Records for processing:
=====

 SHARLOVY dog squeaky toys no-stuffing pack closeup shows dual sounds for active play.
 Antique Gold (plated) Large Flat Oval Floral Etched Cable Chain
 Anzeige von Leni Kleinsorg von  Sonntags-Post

=====

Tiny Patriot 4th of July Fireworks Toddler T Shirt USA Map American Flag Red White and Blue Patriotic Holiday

=====

Try it: Transcribe each line of the data above, unaltered, from the one where "SHARLOVY dog squeaky" appears to the one where "Anzeige von Leni" appears, inclusive of both.

Written answer:
 SHARLOVY dog squeaky toys no-stuffing pack closeup shows dual sounds for active play.
 Antique Gold (plated) Large Flat Oval Floral Etched Cable Chain
 Anzeige von Leni Kleinsorg von  Sonntags-Post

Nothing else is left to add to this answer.